### Supplied material
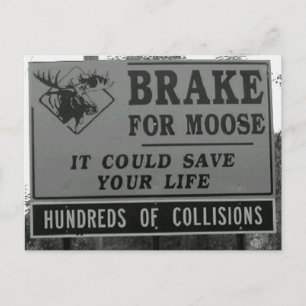 Brake for Moose Postcard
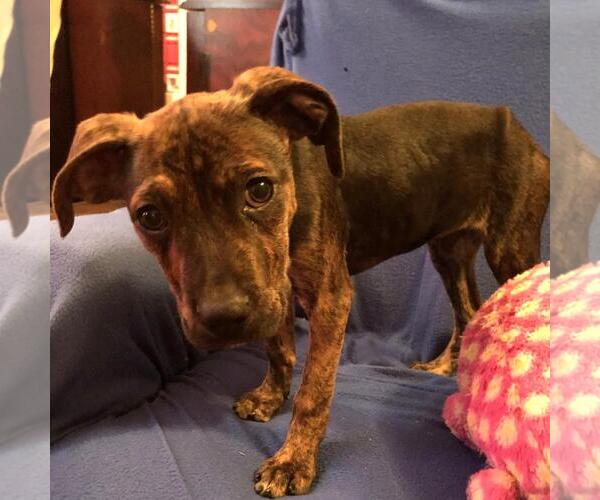 Medium Photo #4 Labrador Retriever-Unknown Mix Puppy For Sale in Yardley, PA, USA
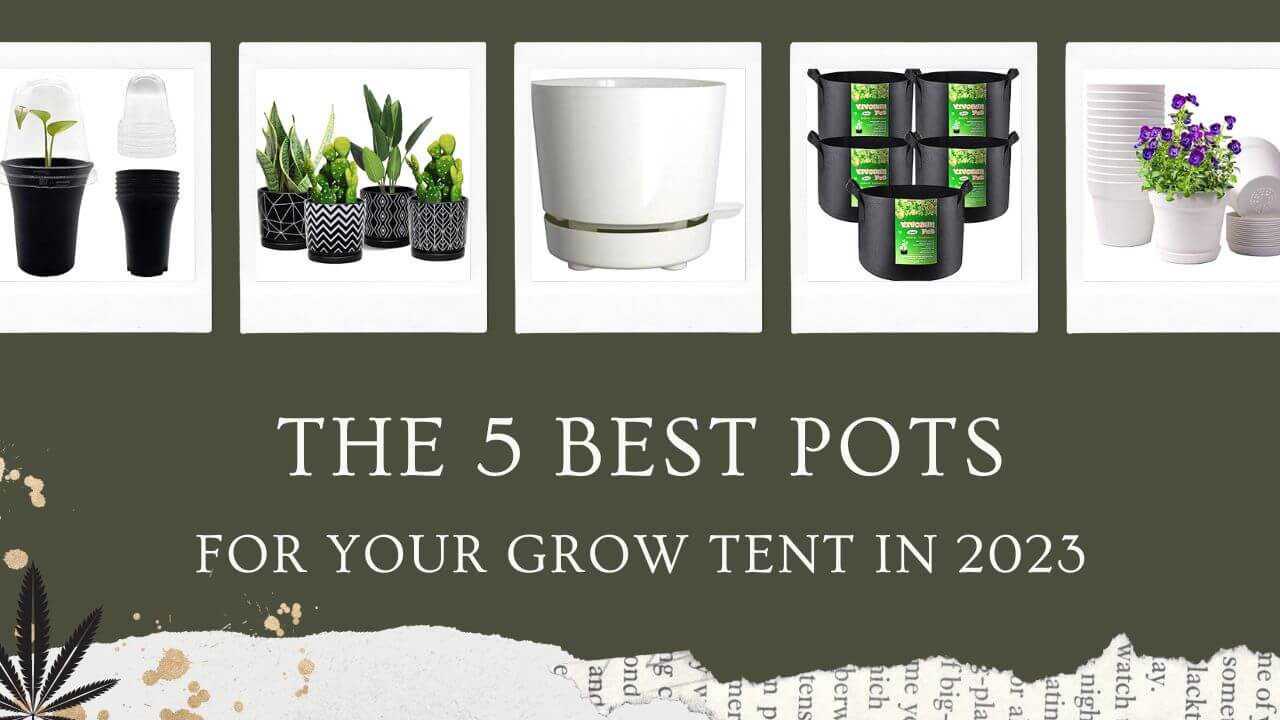 The 5 Best Pots for Your Grow Tent Featured Image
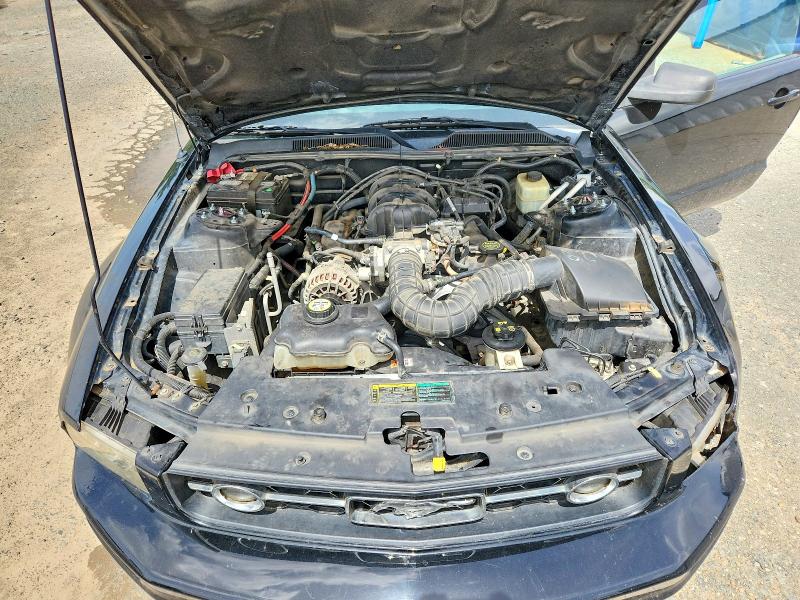 60898336 :رقم المزاد ، 1ZVHT84N165102754 vin ، 2006 Ford Mustang Convertible مزاد بيع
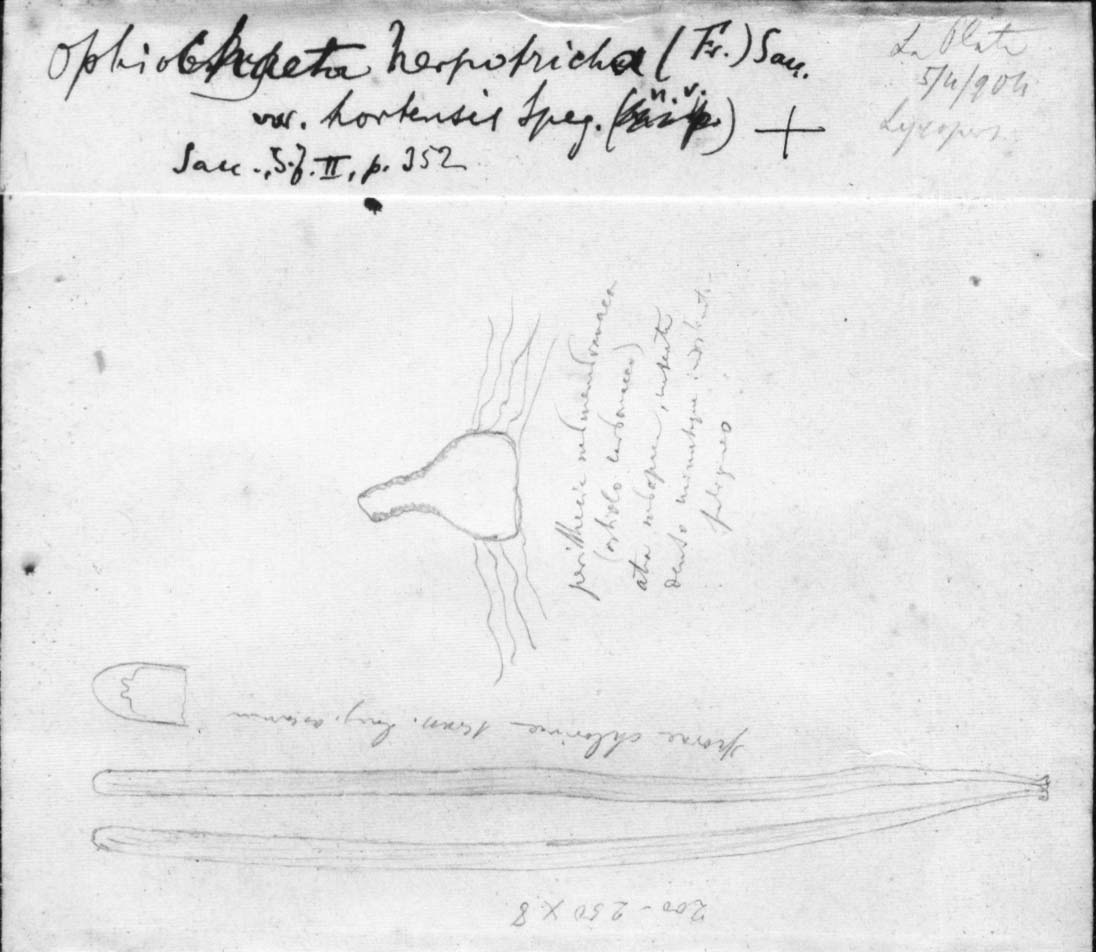 dibujo de Ophiochaeta herpotricha var. hortensis Speg.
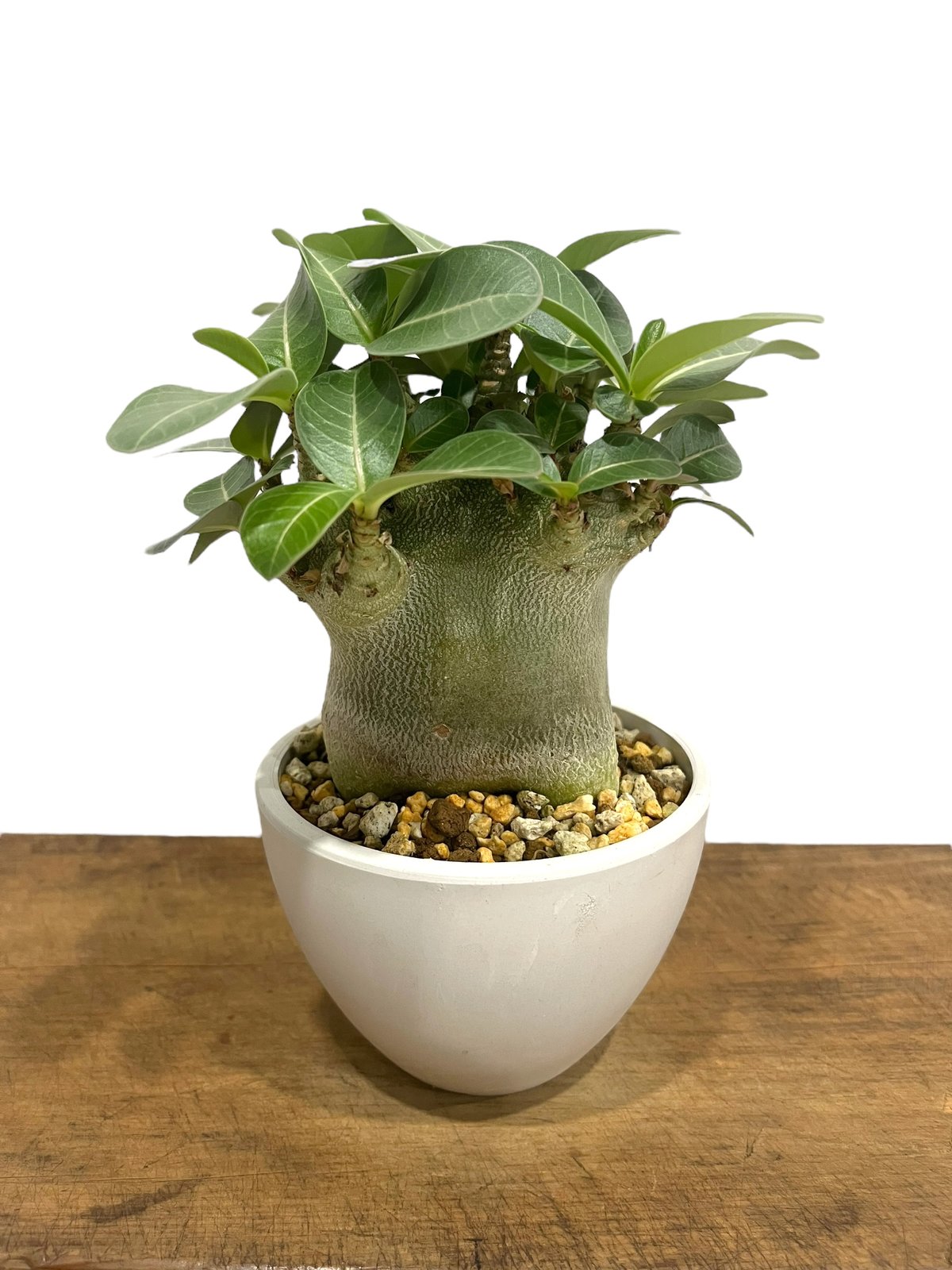 アデニウム アラビカム スーパー ドワーフ タイプ 「Adenium arabicum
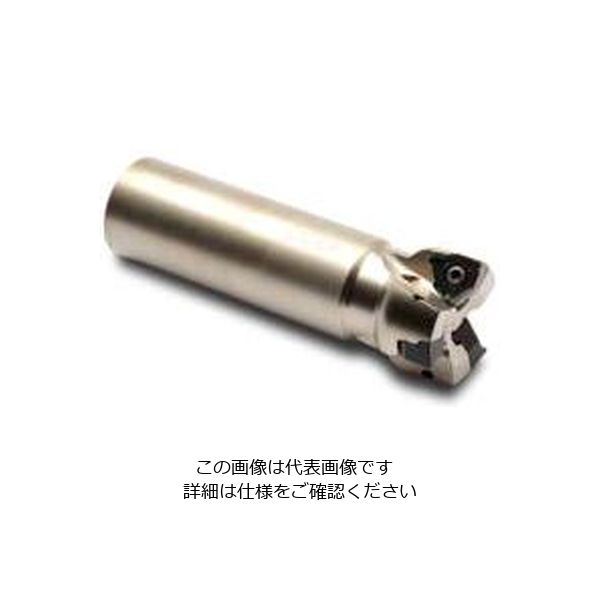 Seco Tools フライス スクエア6 R217.96-01.25-3-04-5A 1個（直送品）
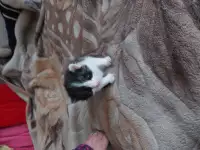 Котята в дар, фотография 7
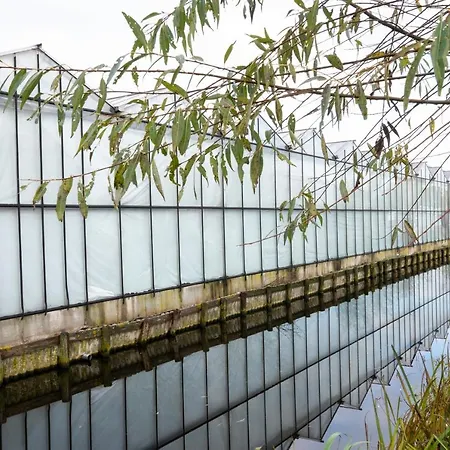 5 Persons Comfort Ferienhaus *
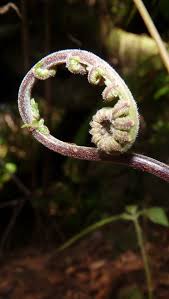 Image result for Christella gueinziana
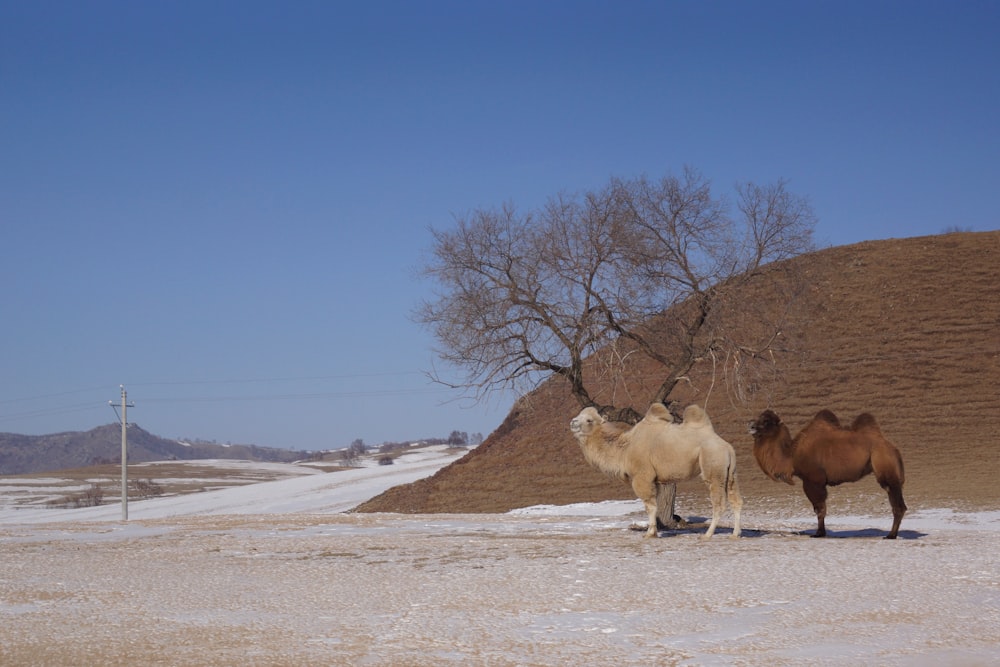 two brown and white camels beside tree at daytime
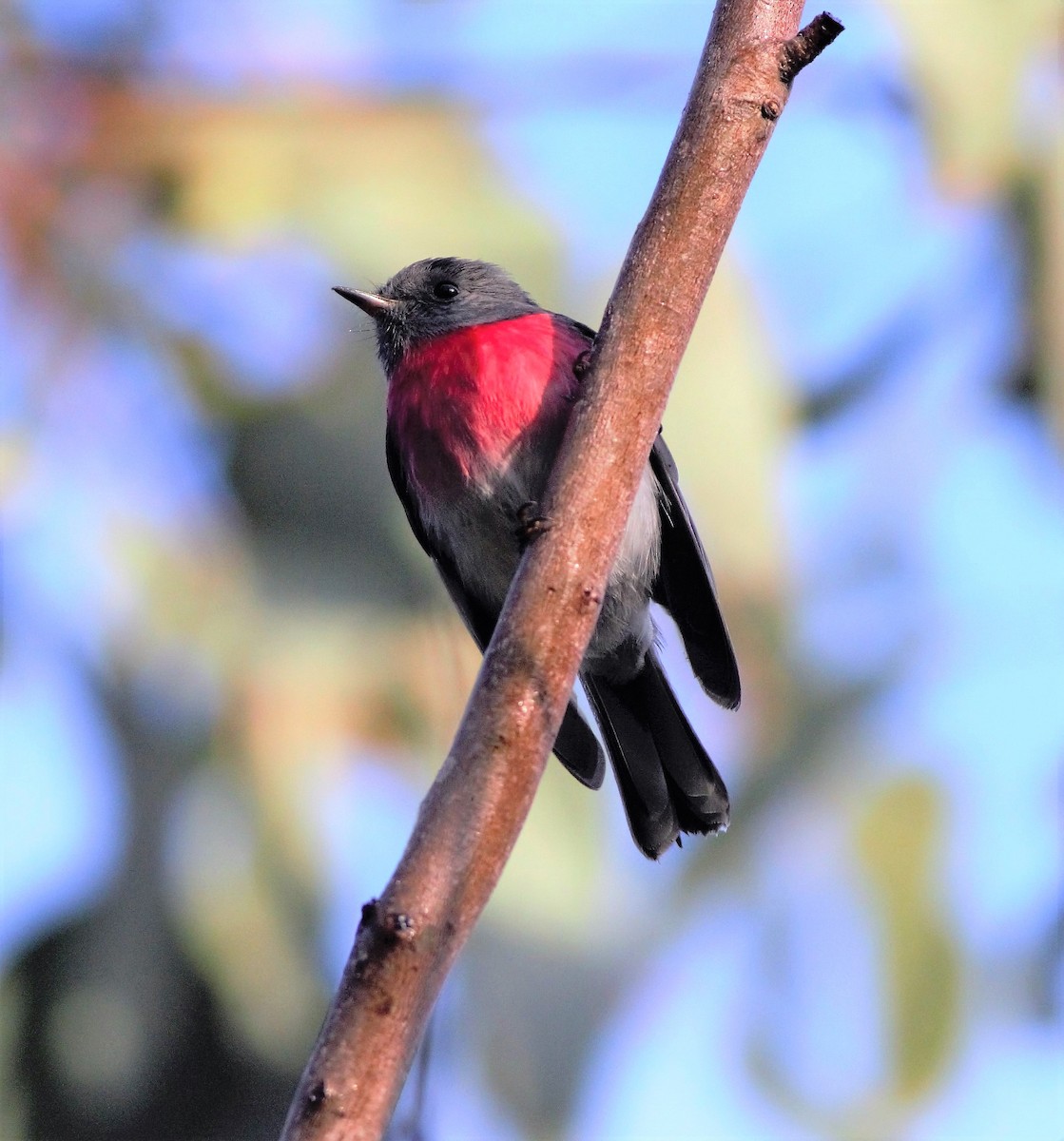 Petroica Rosada - ML100833331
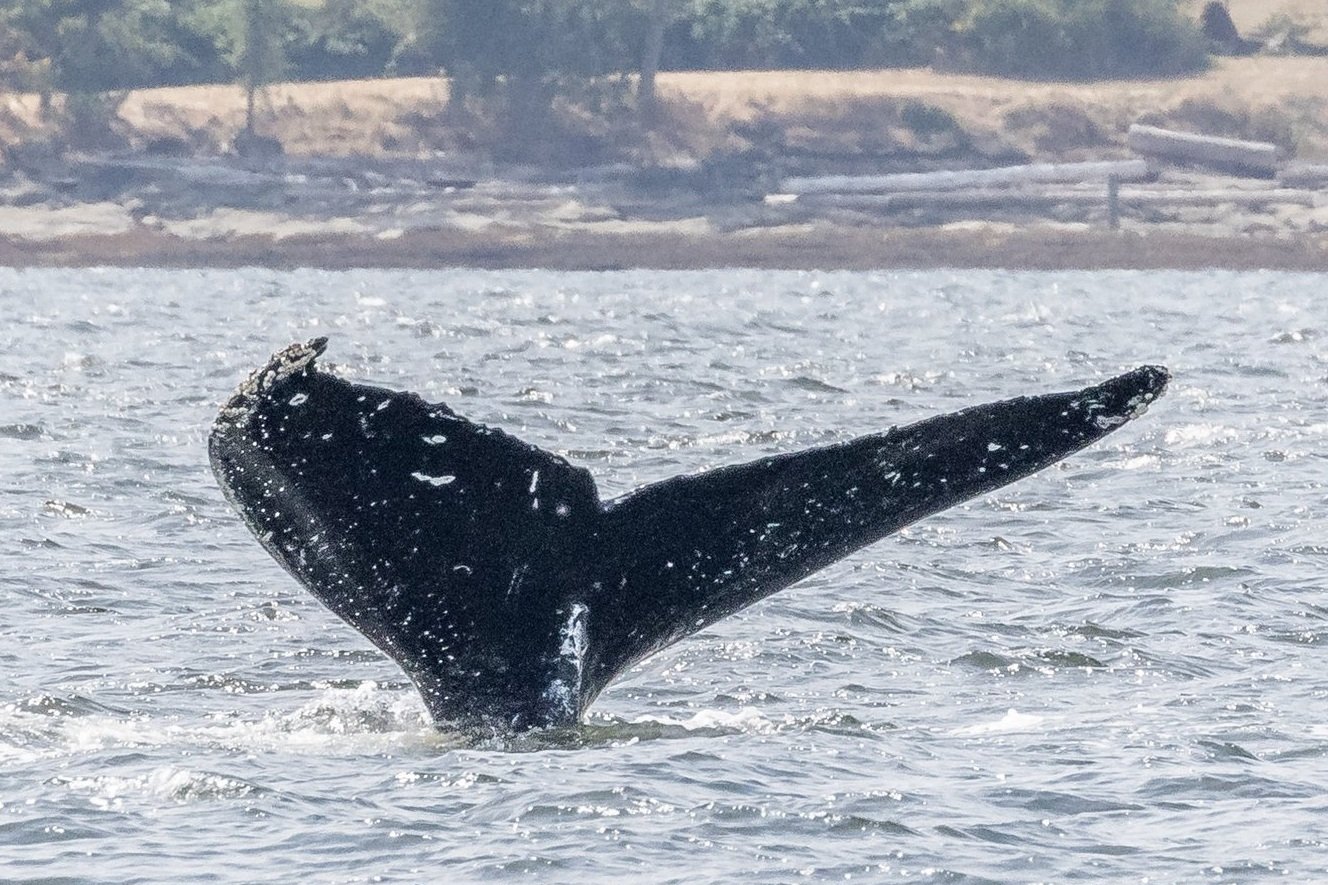 August 27, 2022, 10:30 AM - Fader Near Apex and Strike in Stuart Channel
######
Problem description
Could the data be reproduced exactly, with the pictures omitted?

Solution for this exercise
 Brake for Moose Postcard
 Medium Photo #4 Labrador Retriever-Unknown Mix Puppy For Sale in Yardley, PA, USA
 The 5 Best Pots for Your Grow Tent Featured Image
 60898336 :رقم المزاد ، 1ZVHT84N165102754 vin ، 2006 Ford Mustang Convertible مزاد بيع
 dibujo de Ophiochaeta herpotricha var. hortensis Speg.
 アデニウム アラビカム スーパー ドワーフ タイプ 「Adenium arabicum
 Seco Tools フライス スクエア6 R217.96-01.25-3-04-5A 1個（直送品）
 Котята в дар, фотография 7
 5 Persons Comfort Ferienhaus *
 Image result for Christella gueinziana
 two brown and white camels beside tree at daytime
 Petroica Rosada - ML100833331
 August 27, 2022, 10:30 AM - Fader Near Apex and Strike in Stuart Channel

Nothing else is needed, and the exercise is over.